It seems fitting that I May Destroy You never quite finds a steady rhythm. The highly anticipated HBO series is a bracing, intimate portrayal of one woman’s struggle to remember and then process what, exactly, happened to her one night when a man spiked her drink at a bar. Its central character, Arabella, has only one memory—the image of a man hovering over her in a bathroom stall that occasionally violates her consciousness, playing over and over in her mind as her ears ring. For most of this series, Arabella cannot find her usual rhythm—and so neither can we.
With I May Destroy You, creator Michaela Coel, the multi-hyphenate who broke out with her British sitcom Chewing Gum in 2015, confirms that she is both a star writer and actress. Two years ago Coel revealed that she had been sexually assaulted while making her old series—and now, as Arabella, she plays a fellow creative processing a horrific trauma.
Arabella is a celebrity to a certain millennial set; she came up as a voice-y writer on the internet and self-published her first book. When we meet her, however, she’s banging her head against a wall (metaphorically) as she attempts to draft a follow-up novel for the publishers who have now opened their doors to her. After her assault, she dives deeper into social media, which provides far more validating interactions than her impatient publishers but also brings its own destructive side effects.

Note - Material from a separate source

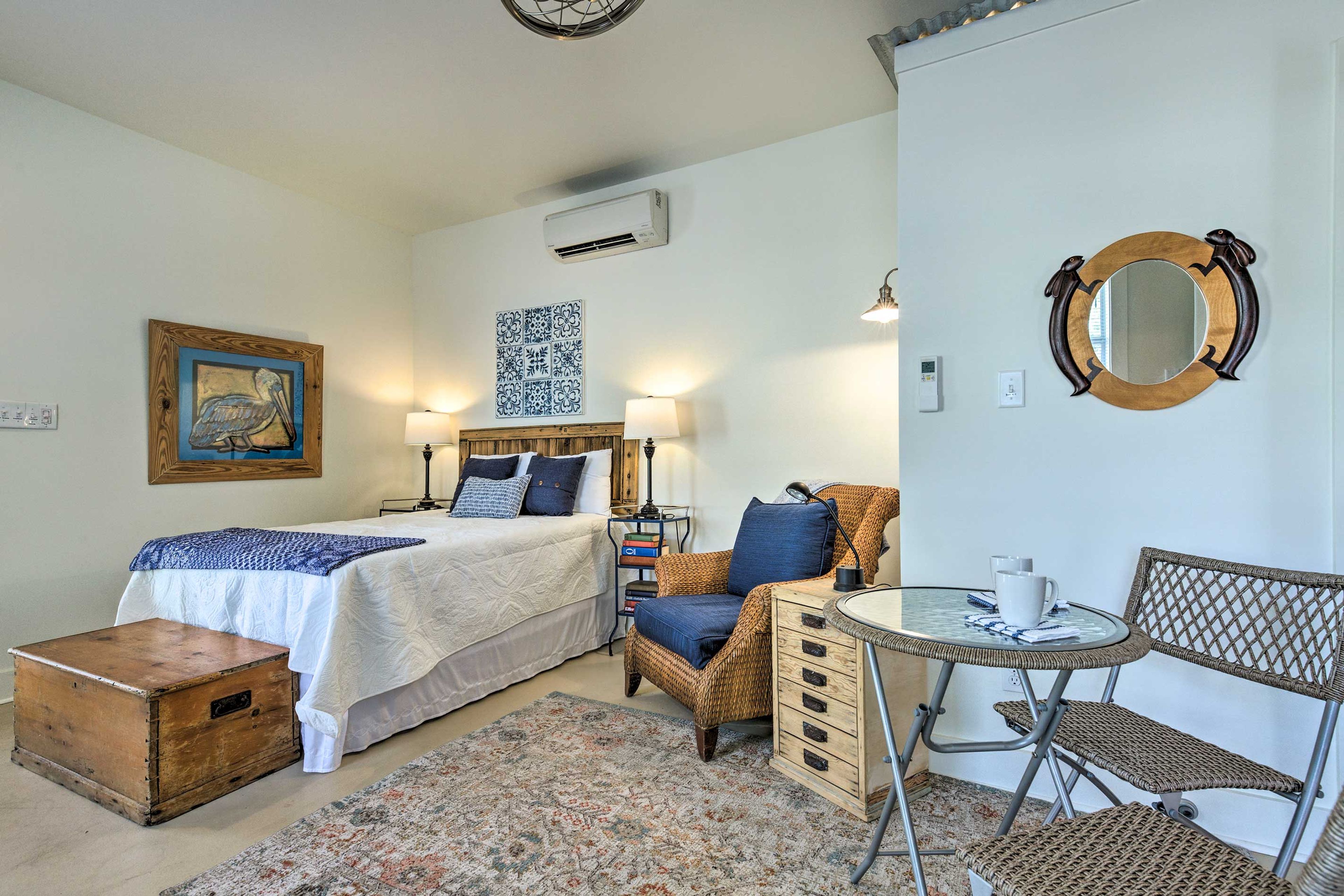 Studio | Full Bed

Arabella’s mental and emotional states tend to fluctuate wildly, carrying the series with them; with a less capable actor at its center, I May Destroy You would feel aimless. At times, it can feel a little overstuffed. But Coel’s performance is both complex and utterly convincing, providing a reliable gravitational center. The tone shifts with her character’s psyche, articulating wordlessly, at times, how volatile the world can feel when someone is still raw with trauma. The series is not exactly a drama or a comedy, and it’s definitely not a “dramedy.” What it is, however, is frank—sometimes excruciatingly so, and sometimes hilariously so.

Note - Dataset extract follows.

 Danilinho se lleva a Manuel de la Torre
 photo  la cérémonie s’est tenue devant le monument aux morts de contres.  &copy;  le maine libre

But it’s not just Arabella; her friends Terry (Weruche Opia) and Kwame (Paapa Essiedu) each navigate questionable experiences of their own. As these three journeys braid together, I May Destroy You attempts to wrap its arms around sexual assault in all its contexts—to express how these experiences can irreversibly shift one’s relationships with other people, with their environment, with their lives, and with themselves.
But it would be reductive to say that I May Destroy You is solely about sexual assault. The series frequently raises questions about consent, but its primary interest seems to lie in identity formation—the ways in which we see ourselves, and how our experiences can shape that. The two become inextricably intertwined, particularly after Arabella’s friend Kwame survives his own sexual assault. As Arabella and Kwame each realize late in the series, our self-perceptions and vulnerabilities shape how we interact with other people—and, at times, can lead us to harm and violate others without even realizing it.
Both Essiedu and Opia imbue their roles with impressive nuance and specificity. As Kwame, Essiedu brings a casual charisma that, as we gradually find out, can belie his character’s fragility. Opia, meanwhile, plays Terry with a refreshing dash of feistiness. I May Destroy You’s funniest moments come when the three are together, playing around and teasing one another with an ease that can make the whole production seem effortless.
But the show’s greatest triumph is how thoroughly and intuitively it expresses the difficult themes at its center. Sometimes it’s sad; sometimes it’s gut-wrenching; sometimes it’s improbably funny. What remains consistent is that through it all, it’s impossible to look away.